| EXERCISE INSTRUCTIONS |
Here is a listing; work out how many of its lines contain the word "Luxury", and state only that number.

| LISTED RECORDS |
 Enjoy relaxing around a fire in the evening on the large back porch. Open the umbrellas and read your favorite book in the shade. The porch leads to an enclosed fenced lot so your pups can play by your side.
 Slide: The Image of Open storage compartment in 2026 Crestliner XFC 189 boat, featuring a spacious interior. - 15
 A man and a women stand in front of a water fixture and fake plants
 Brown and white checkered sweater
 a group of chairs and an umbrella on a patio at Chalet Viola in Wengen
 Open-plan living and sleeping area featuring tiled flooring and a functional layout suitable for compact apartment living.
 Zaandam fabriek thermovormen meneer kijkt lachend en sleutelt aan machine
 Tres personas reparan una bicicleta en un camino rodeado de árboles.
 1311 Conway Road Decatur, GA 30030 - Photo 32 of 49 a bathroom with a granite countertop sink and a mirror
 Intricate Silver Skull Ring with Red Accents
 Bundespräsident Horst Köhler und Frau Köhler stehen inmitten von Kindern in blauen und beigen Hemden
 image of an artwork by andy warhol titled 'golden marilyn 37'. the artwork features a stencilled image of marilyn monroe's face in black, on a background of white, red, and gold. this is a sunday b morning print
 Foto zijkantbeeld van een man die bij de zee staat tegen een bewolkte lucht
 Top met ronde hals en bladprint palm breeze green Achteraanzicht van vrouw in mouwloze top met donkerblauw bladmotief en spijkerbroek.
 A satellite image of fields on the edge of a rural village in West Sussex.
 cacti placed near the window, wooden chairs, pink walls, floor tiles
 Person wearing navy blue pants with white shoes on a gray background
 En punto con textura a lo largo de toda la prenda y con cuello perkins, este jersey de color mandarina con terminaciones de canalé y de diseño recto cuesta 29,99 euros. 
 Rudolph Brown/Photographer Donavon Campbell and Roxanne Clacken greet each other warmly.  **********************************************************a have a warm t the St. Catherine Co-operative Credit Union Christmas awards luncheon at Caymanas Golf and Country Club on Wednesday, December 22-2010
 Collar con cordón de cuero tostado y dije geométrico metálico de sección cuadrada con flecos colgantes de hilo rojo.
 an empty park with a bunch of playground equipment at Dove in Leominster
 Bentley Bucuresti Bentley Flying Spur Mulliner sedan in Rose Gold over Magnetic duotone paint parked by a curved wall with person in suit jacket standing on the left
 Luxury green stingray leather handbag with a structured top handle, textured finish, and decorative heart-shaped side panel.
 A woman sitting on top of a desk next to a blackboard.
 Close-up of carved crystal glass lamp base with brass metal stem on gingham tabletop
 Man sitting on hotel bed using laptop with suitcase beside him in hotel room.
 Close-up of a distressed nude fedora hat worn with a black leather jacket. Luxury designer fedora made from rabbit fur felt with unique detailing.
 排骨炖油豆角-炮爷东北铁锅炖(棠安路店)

| REPLY |
2